**What is required:**
Output nothing but the lines from the first line of the entries to the line with "ヤゴ作の循環器系という作品の展示です。", inclusive, exactly as they read.

--- Data for this task Enclosed Below ---

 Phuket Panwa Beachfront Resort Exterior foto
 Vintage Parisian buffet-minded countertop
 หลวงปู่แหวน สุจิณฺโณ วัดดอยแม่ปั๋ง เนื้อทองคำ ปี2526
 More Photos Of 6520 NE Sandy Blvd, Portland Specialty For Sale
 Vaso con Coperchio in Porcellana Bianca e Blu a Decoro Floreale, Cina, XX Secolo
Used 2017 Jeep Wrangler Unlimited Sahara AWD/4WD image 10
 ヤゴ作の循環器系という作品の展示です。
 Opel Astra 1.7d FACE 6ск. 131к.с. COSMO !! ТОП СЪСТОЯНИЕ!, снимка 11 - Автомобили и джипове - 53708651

--- End of Enclosed Data for this task ---

**Solved exercise:**
 Phuket Panwa Beachfront Resort Exterior foto
 Vintage Parisian buffet-minded countertop
 หลวงปู่แหวน สุจิณฺโณ วัดดอยแม่ปั๋ง เนื้อทองคำ ปี2526
 More Photos Of 6520 NE Sandy Blvd, Portland Specialty For Sale
 Vaso con Coperchio in Porcellana Bianca e Blu a Decoro Floreale, Cina, XX Secolo
Used 2017 Jeep Wrangler Unlimited Sahara AWD/4WD image 10
 ヤゴ作の循環器系という作品の展示です。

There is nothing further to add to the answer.